In law school, they teach you to always read the footnotes. In law school anyway, I tried not to do that because it meant a lot of additional time. As a lawyer, that is a mistake and this case illustrates the point. Let’s take a look at several of the footnotes.
- In footnote 1, the court says that “travel service,” appears to refer to travel agencies and to facilities, such as American Express counters, offering traveler’s checks, currency-exchange services and the like. Those businesses routinely operated out of physical facilities when the ADA was adopted and still do to a lesser extent.
- In footnote 2, the court refers to the District Court decision in National Association of the Deaf v. Netflix when that court stated that since web-based services did not exist when the ADA was passed in 1990, web-based services could not have been explicitly included in the Act.

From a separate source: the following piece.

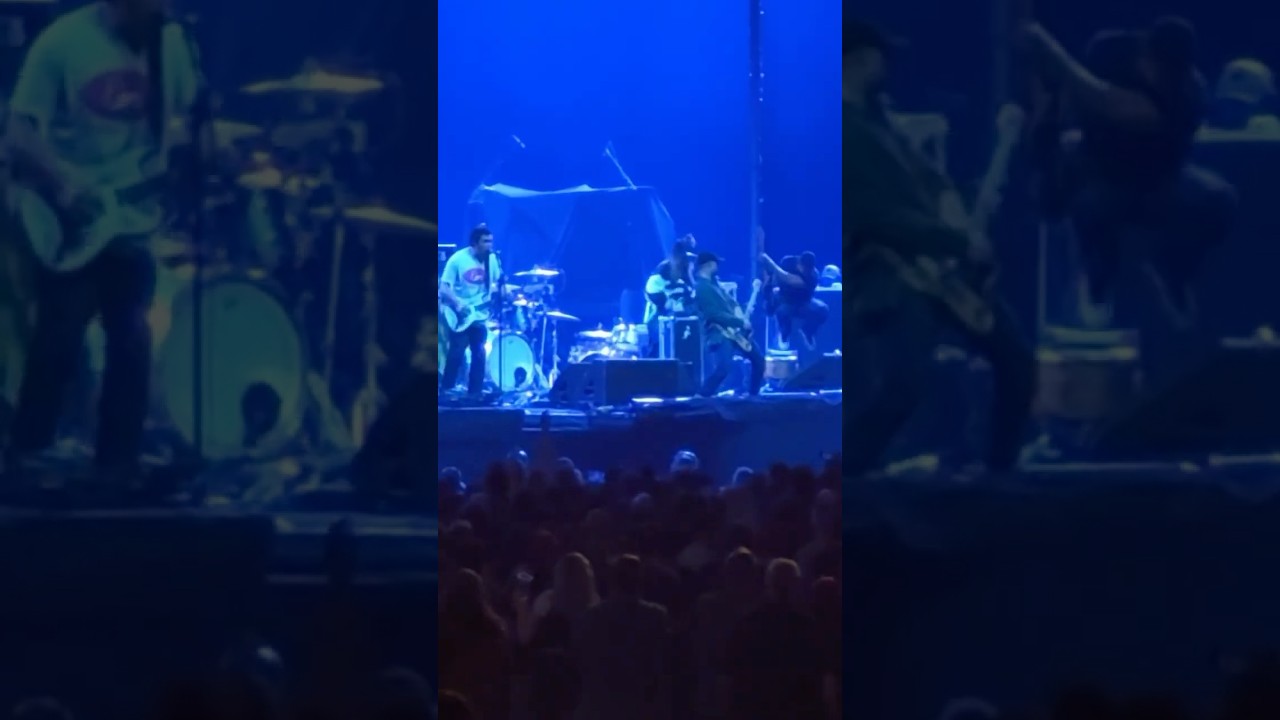 Смотреть «Fleshwater - Foreign live 3/28/25 at Gainbridge Fieldhouse in Indianapolis, IN. (clip 1)» на YouTube Смотреть «Fleshwater - Foreign live 3/28/25 at Gainbridge Fieldhouse in Indianapolis, IN. (clip 1)» на YouTube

- In footnote 3, the court said that Congress knew well by 1990 that the Internet was coming. The Senate held hearings in 1989 to explore the potential of a national information superhighway. Even so, the ADA wasn’t written to account for that.
- In footnote 11, the court notes that the ADA was amended in 2008 and that Congress could have easily amended the definition to clarify the inclusion of the Internet with the 2008 amendments but it did not do so.
- In footnote 12, the court says the maxim noscitur a sociis says that individual items appearing in the list should be read to share common attributes.
- In footnote 14, plaintiff argues that Newsday has its own television and video Internet studio in addition to its publishing and advertising production facilities and offices. However, plaintiff does not allege that those facilities are open to Newsday’s customers, or that Newsday sells it newspapers or any other goods or services that those locations.
- In footnote 16, the court notes that plaintiff is a serial plaintiff having filed at least 44 ADA lawsuits in the Eastern District of New York alone as of August 16, 2021.
- In footnote 17, the court says that while many district courts within the Second Circuit have held that websites qualify as a place of public accommodation under the ADA, the reasoning goes too far. Absent some limiting principle, their reasoning means that every operator of the website-every blogger, vlogger, and the like-must provide closed captioning and any other accommodation required by the ADA. The argument that such a rule would only apply to websites offering goods and services also does not wash because the textual basis for such a limitation in the ADA is unclear.
- The two strongest arguments in favor of the never line of cases are that Congress did not add phrasing that would include the Internet in 2008, and the term “place,” presumptively refers to physical places.
- The counterargument is that the United States Supreme Court has recognized technological evolution in other contexts, such as free speech, which we discussed here, and taxation, which we discussed here (As we know, South Dakota v. Wayfair is very recent. So by the logic of the court in this opinion, the term place would not presumptively refer to physical locations).
- Very curious why South Dakota v. Wayfair was not raised in this decision. For lawyers advocating that the Internet is a place of public accommodation, failure to raise South Dakota v. Wayfair may border on malpractice (see this blog entry discussing legal malpractice). Perhaps, on appeal plaintiff will raise S.D. v. Wayfair then.
- DOJ in the Trump administration, as we discussed here, strongly suggested that they were going to take the approach of Internet sites having to be accessible if it was of the type of business operating in 42 U.S.C. §12181(7). I would suspect that under a Biden administration that approach would continue.
- There clearly is a circuit court split already (9th-Gateway v. 11th never but that isn’t the question) and more to undoubtedly come. When it goes to the Supreme Court, all bets are off with respect to the never line of cases succeeding, particularly in light of South Dakota v. Wayfair. To my mind, the Supreme Court would be more likely to go with the gateway theory or, relying on South Dakota v. Wayfair, with the of the type of business theory.
- That plaintiff is a serial plaintiff should not affect the analysis. However, it isn’t unusual for a court’s analysis to be affected by that fact in subtle ways, sometimes significantly so.